Comment	File	Size	Author
#23	weblinks_collector.module.zip	6.99 KB	sevanden

Support from Acquia helps fund testing for Drupal Acquia logo

Comments

Comment #1

NancyDru

she/her/hers

English

Boston

CreditAttribution: NancyDru commented 2 October 2008 at 13:46

I would think that #1 could be accomplished through a filter that is basically a clone of the core URL filter. It could be provided as an add-on to Web Links so those that don't want it don't have to use it. However, the URL filter doesn't catch links that are in anchor text, so that part would need to be extended. I would then envision saving it as an unpublished weblinks node that the admin could see with the Unpublished block or page.

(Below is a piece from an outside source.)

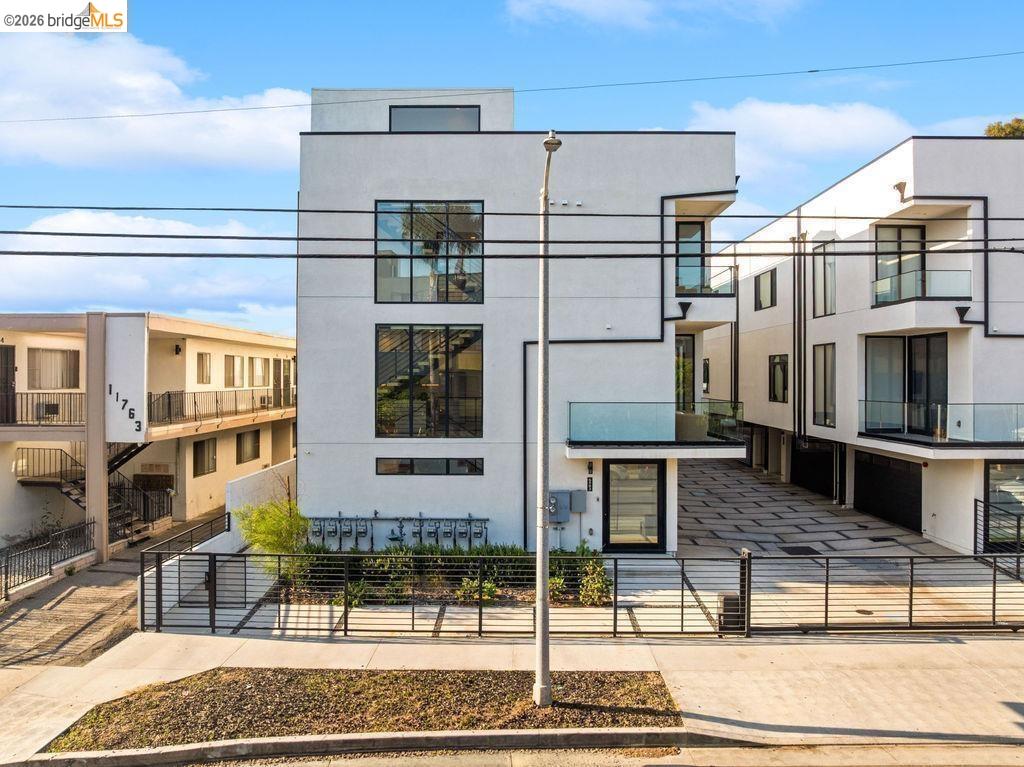 Residential in North Hollywood (los Angeles) 2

I know nothing about feeds, so I would not be able to do #2, but perhaps Rmiddle understands them.

Comment #2

sevanden CreditAttribution: sevanden commented 2 October 2008 at 15:35

Thanks for the quick reply.

I'm not a php-programmer yet but i've been checking the web learning about feeds and checking drupal dev, unfortunately i still need to learn a lot before i'd be able to contribute something. I'm playing around with this idea right now, should something positive come out then i'll let you know. I'll keep an eye out here, just in case you're faster than me (wich will probably be the case).

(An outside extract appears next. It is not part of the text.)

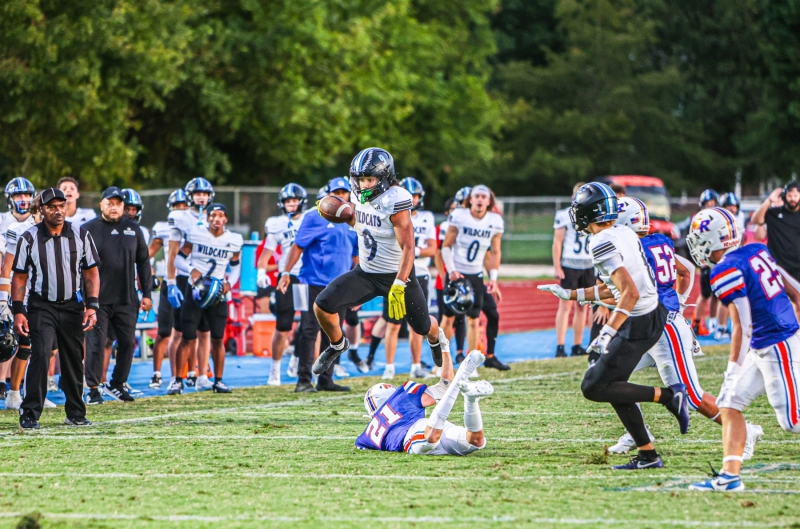 LKN-Football-vs-Marvin-Ridge-6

Of course you're right that those links should not automatically be published and be reviewed by a moderator first, the same would go for feeds also.

Keep up the good work, i like this module

Comment #3

rmiddle CreditAttribution: rmiddle commented 2 October 2008 at 23:08

The funny thing is I was thinking the 1st one would be hard but the 2nd one would be that hard.

Thanks
Robert

Comment #4

sevanden CreditAttribution: sevanden commented 3 October 2008 at 07:06

Have been playing around a little, have some code already that scans a post when it is being saved and extracts urls from it.
Next i need to figure out how to retrieve the description of the site and how to submit it as a weblink node.
I must say that this seems to be rather a slow running thing, it takes a while to complete

So, once i have collected all the data needed to create a weblink, how do i actually have it submitted as 'weblinks' node?

Comment #5

NancyDru

she/her/hers

English

Boston

CreditAttribution: NancyDru commented 3 October 2008 at 14:23

Well, Sebastiaan, the first step would be to see if it already exists by checking the "weblinks" table. Then build the data with all of the appropriate fields and call node_submit. For an example of doing something very similar, take a look at the Faq_Ask module which does this same type of thing (even the unpublished) for the FAQ module.

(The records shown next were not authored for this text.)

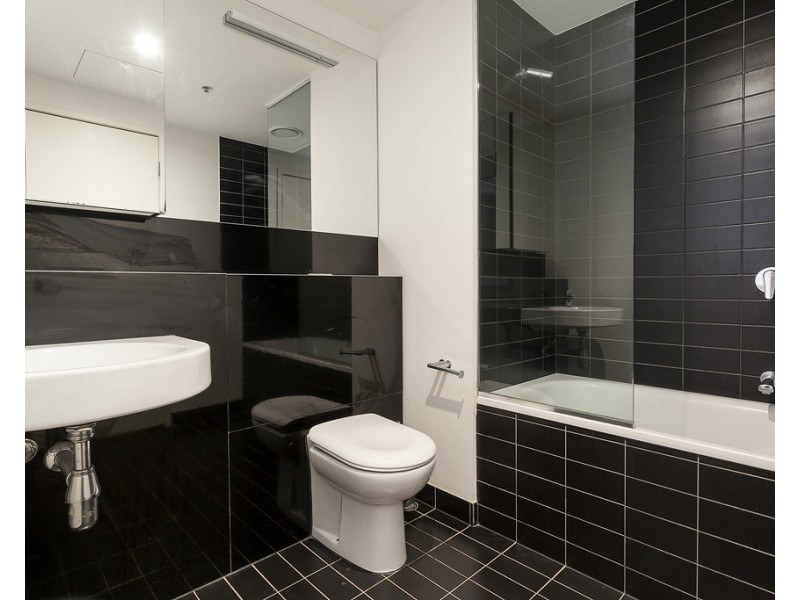 1106/620 Collins Street, Melbourne VIC 3000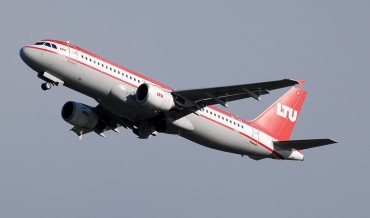 OE-LTU (1504) 2001 Airbus A320-214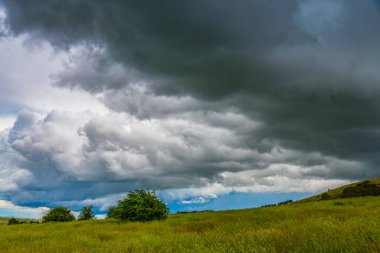 Avustralya, NSW 'nin orta batısındaki Blayney' de kırsal alanda şiddetli fırtınalar bekleniyor..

I shouldn't think it would be that slow. Have you looked at the core URL Filter code?

Comment #6

NancyDru

she/her/hers

English

Boston

CreditAttribution: NancyDru commented 3 October 2008 at 15:25

It would be nice if the publish/unpublish was an option.

And extra kudos if there is an option for replacing the link with a weblinks filter entry.

Comment #7

sevanden CreditAttribution: sevanden commented 3 October 2008 at 16:57

I'm not there yet, don't even have an admin form yet ...

But a little stuck on this part for now, it's being executed during 'insert' with nodeapi.

$node = array('type' => 'weblinks');
$values['title'] = $weblink['title'];
$values['url'] = $website;
$values['body'] = $weblink['description'];
$values['weight'] = '0';
$values['author'] = 'root';
drupal_execute('weblinks_node_form', $values, $values);
$errors = form_get_errors();

I get an error when a story with links is being submitted: The post could not be saved.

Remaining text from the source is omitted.